Mixing Watercolors – A Combination of Science and Art

One of the most important aspects in watercolor painting is your sense of color. With luck, you have an inborn talent of discerning colors. But most of us don’t have that innate gift. The good news is that we can learn to mix colors from scratch. And eventually, as we study and master our craft, the colors that flow from the brush will become almost instinctive…

In watercolor painting, mixing colors is a challenge. A wrong shade here or there can make all the difference between a practice run and a work of art. Of course, it may take a long time to master such a simple thing as color. Happily again, part of the joy of art and painting is the learning of what workss.

The Basics

The basic colors are red, yellow and blue and the secondary colors are green, orange and purple.

In basic art classes, we are also taught that reds, oranges and yellow are named warm colors. Greens, blues and purples are cool colors.

Mixing

One of the first lessons in mixing colors is this — the most intense (and the purest) color come from combining two primary colors that lean toward the same secondary color. On the other hand, the more colors you mix together, the less pure your mixtures will become.

The difficulty in mixing watercolor paints comes from the absence of a “color neutral” tube color for each of the primary colors: red, yellow and blue.
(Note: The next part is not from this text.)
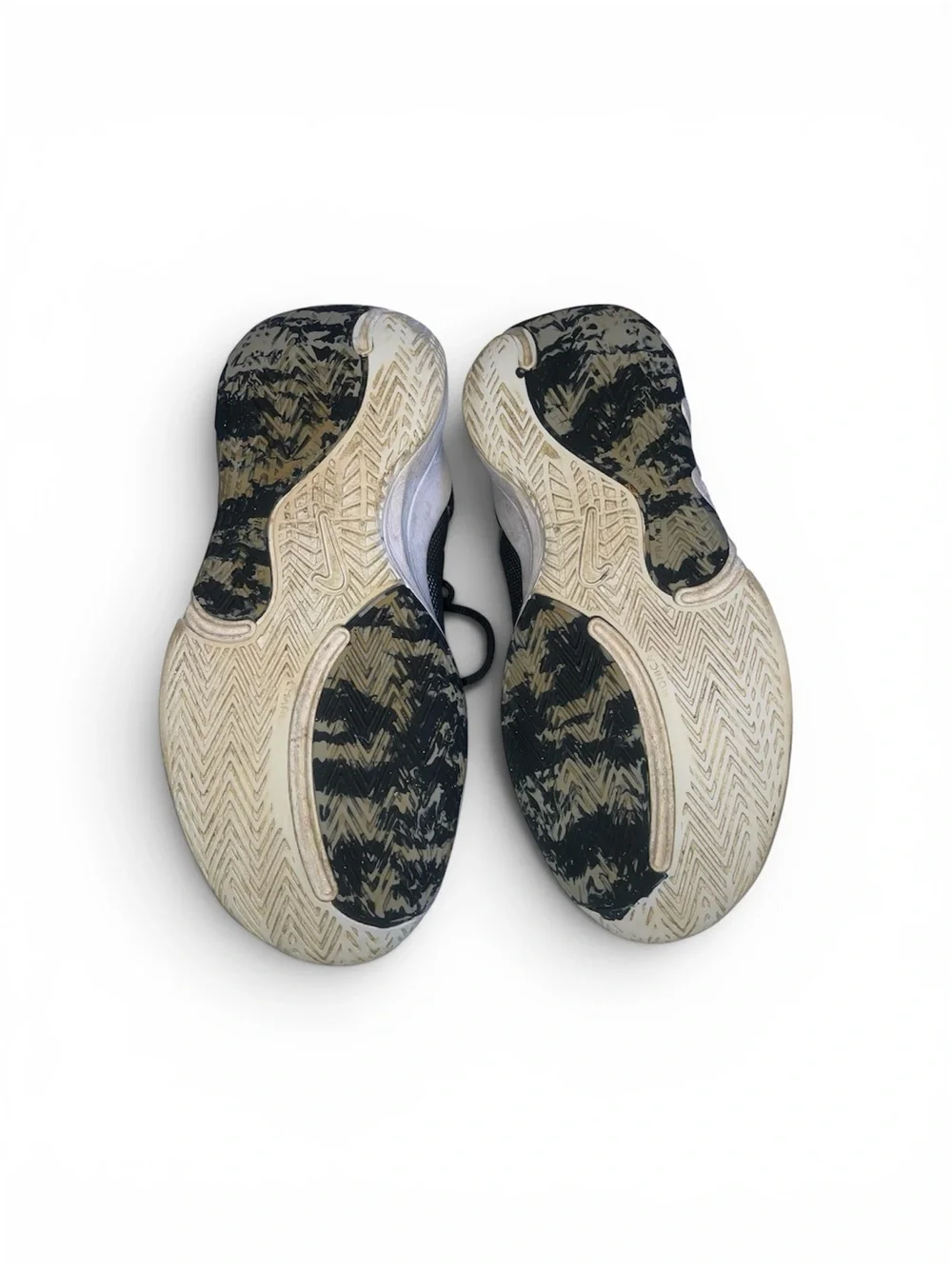 Nike Giannis Immortality 2 basketball shoes 5Y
Some claim they have them, but these are colors that are just close and that most of them have a color bias or they lean towards some other color.

Combinations

Mixing colors need not be very complicated, if you think on as well as imagine first on the color you want to produce. If, for instance, you want pure vibrant purple, get it from a red and a blue that is biased towards purple.

A less intense purple can be had from the orange-biased red and a purple-biased ultramarine blue. For a dull purple, use the orange-biased red and the green-biased blue.

The same principle, more or less, governs colors that are opposite each other on the color wheel (ex: red and green). When mixed together, these colors will simply neutralize each other, producing only grayish, brownish color.

(One technique: To produce the color you want, use no more than three colors. Begin with the lightest one; add the darker one little by little until you get the shade you want.)

Neutralization

Mixing more than two pigments or mixing two pigments that are biased on two completely different colors will always result in “neutralized” mixtures. (“Neutralized” here means less intense or less pure.)

However, these less intense mixtures can be wonderful colors, too, and you need to know how to mix them to play them off against brighter, purer colors.

The science and the art

Another forgotten fact is that mixing colors is a matter of proportion. How much of each one goes into the mix determines the color shade of that mix. However, never over-mix your pigments.

One last word about mixing watercolors – your watercolor looks different on paper and on the palette. Spend some time dashing paint on the paper until you know what the actual look is going to be.